Nengo summer school 2020 - Basic integrator memory vs State memory

Hi,
I’ve got question about 6th lecture. Chris or Terry showed us a “State” component from SPA, as a multidimensional integrator example.
I think that “State” object, with feedback=1 isn’t just an integrator, as shown in previous examples. If I feed some value (1 or more D vector) into a standard integrator, it will saturate over time. In the case of a “State” component, you can feed in any value, and it will not saturate ever, rather roughly stick to that value. Could you explain that and how does this component work?

Thank you very much for whole Nengo summer school videos and for the explanation :slight_smile:

Hello @FilipD, and thank you for the most interesting question!
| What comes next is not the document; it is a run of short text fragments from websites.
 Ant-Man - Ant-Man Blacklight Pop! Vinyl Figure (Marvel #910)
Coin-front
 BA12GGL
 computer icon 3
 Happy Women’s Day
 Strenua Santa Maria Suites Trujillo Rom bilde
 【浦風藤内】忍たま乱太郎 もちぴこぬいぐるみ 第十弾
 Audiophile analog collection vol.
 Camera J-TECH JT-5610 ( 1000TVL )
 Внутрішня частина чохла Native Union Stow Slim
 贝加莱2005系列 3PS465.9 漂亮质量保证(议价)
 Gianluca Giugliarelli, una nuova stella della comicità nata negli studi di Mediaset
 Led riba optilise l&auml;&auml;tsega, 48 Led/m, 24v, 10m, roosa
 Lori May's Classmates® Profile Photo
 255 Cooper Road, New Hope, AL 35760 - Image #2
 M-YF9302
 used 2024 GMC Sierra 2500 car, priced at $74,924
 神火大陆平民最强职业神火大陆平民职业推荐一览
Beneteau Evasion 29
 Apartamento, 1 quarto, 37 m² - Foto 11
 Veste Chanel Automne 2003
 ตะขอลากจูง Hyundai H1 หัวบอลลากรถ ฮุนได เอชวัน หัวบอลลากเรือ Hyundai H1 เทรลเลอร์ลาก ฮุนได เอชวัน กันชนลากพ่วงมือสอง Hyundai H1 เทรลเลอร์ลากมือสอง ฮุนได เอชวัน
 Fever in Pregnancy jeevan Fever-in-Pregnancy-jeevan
I must admit, I was quite stumped with this question myself. Initially, I had thought that the answer was simple: The saturation dynamics of an integrator in a higher dimensional space are different than that of a 1D integrator. As it turns out, my intuition about integrator dynamics was completely wrong (and it took some experimentation to figure this out), and this isn’t the actual answer, as I will demonstrate below.

First, to the claim that feeding in a regular-ol’ integrator would cause the output to saturate over time. I presume you mean that the output would “saturate” at a value above that of 1. From my experimentation, this is actually not the case. The code below creates two Nengo ensembles, both with the same neuron parameters. One ensemble is set up as a integrator, and the other is left in the feedforward configuration. The input to the integrator is a constant input of 1. The input to the “feed-forward” ensemble is a ramp that emulates the ramp output of an ideal (non-neural) integrator. Both ensembles use the LIFRate neuron type for smoother plots, but the findings generalize to spiking neurons as well.

Here’s the code:

import time
import nengo
import matplotlib.pyplot as plt


with nengo.Network() as model:
    neuron_type = nengo.LIFRate()
    nn = 50
    radius = 1

    seed = int(time.time())
    print("Using seed: ", seed)

    ramp_scale = 1
    ramp = nengo.Node(lambda t: t * ramp_scale)
    level = nengo.Node(ramp_scale)

    ens_ens = nengo.Ensemble(nn, 1, seed=seed, neuron_type=neuron_type, radius=radius)
    nengo.Connection(ramp, ens_ens)

    tau = 0.1  # Feedback synapse for the integrator
    int_ens = nengo.Ensemble(nn, 1, seed=seed, neuron_type=neuron_type, radius=radius)
    nengo.Connection(level, int_ens, transform=tau, synapse=tau)
    nengo.Connection(int_ens, int_ens, synapse=tau)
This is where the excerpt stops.